Using a Live Boot CD addresses all these aspects of a virus, because you can scan your Hard Drive while the operating system is not running. Because your OS is not running, the virus cannot hook into any services to protect itself, and because it is not running, it cannot detect that it is being deleted. Some of the hardest viruses to delete are easily eliminated when a Pre-Boot or Live CD Boot is ran.

The nice thing is that virtually all Anti Virus Live Boot CD's are free. You simply need to download them, burn them to a CD, and then reboot your computer with your boot cd in your CD-ROM. Click here to view a list of the 13 best Anti Virus Live Boot CD's.
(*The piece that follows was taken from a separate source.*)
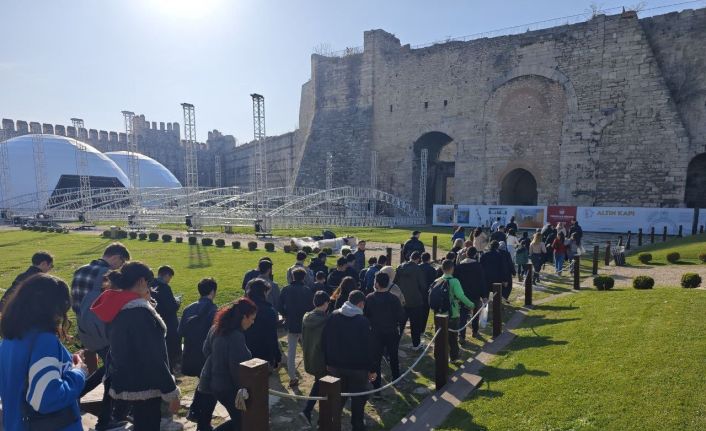 Efsaneleriyle ünlü Yedikule Hisarı’nda rehberli gündüz turları devam ediyor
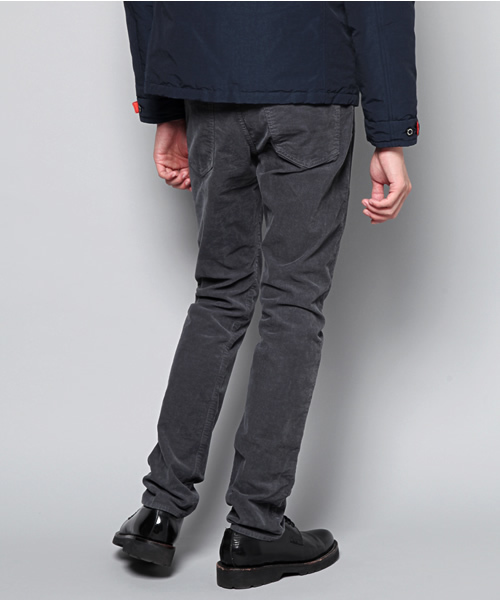 HYSTERIC GLAMOUR（ヒステリックグラマー）の「コーデュロイ スリムPT（その他パンツ・メンズ・ホワイト/チャコールグレー/イエロー/ブルー・31inch/28inch/29inch/30inch/32inch/34inch）」の7枚目の写真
Also, some Anti virus programs, like Avast Free Edition, do allow you to run a pre-boot scan. This is the same thing as running a Live CD scan, except you don't need the Live CD. You simply tell Avast to do a scan the next time you boot your computer.

Good Luck!

 

[chev65]

It's time time punt the OP system, I agree 100 percent with WHS, even if you get the virus off your system it can never be trusted again.

 

[heaumanepunk]

ty for all the tips and suggestions, malwarebytes deleted a couple viruses today. Safe Mode but as im tryin to boot the laptop up the damn bluescreen pops up and i still cant go to windows update websites plus sometimes I get redirected. Wat if i dont have a Windows 7 CD? I have windows 7 Enterprise on it. I have Avast! so ill try the scan before it boots option, if i can find it. I changed the proxy settings ty but it still doesnt let me go to windows update site and redirects me to a site i do not want to go. WHS wat do u mean by scan it on-line. Then reinstall.
Thnx again for the info all of u. Ill keep on fighting this even though its frustrating. So where do viruses hide? DLL. where do i find that? Ill google it.

Pre-boot scan INITIATED!

Didn't scan.......trying again.....

 

[Tews]

Friend, where are you going on the interwebz that you are picking up all of these viruses?? Where did you get your copy of Windows from??

 

[whs]

For the areas of the internet that you are visiting, I suggest you run your browser in Sandboxie. That isolates the browser from the system and any possible infection will automatically disappear with the end of the session.

 

[Tews]

IMO, the only and quickest way to resolve your issue is going to be a format/reinstall of the OS... You seem to have had no success with the suggested methods of cleaning your computer so far. Good luck..

 

[heaumanepunk]

Well to be honest, I do download a lot of stuff. The Avast preboot scan is running now .
I tis my fault and I know I always risk it, even though sometimes the PC at home gets infected when I dont download alot of things so either way it'll get infected, and I knowit'll get infected faster by downloading things. I visit blogs mostly, and sites I shouldn't. So i'll stop that. lol. I know I risk it when going to those sites so thats whyi'm not giving up because i knew it would happen sooner or later. I guess i though Windows 7 was like MAC, it didnt get viruses lol.

pre boot found mirc-z PUP in the MIRC folder, and i deleted it , is it a virus?

It was already installed on the lappy. so i dont have the CD
can i make one?
I was reading somewhere that u can make a windows 7 CD using windows.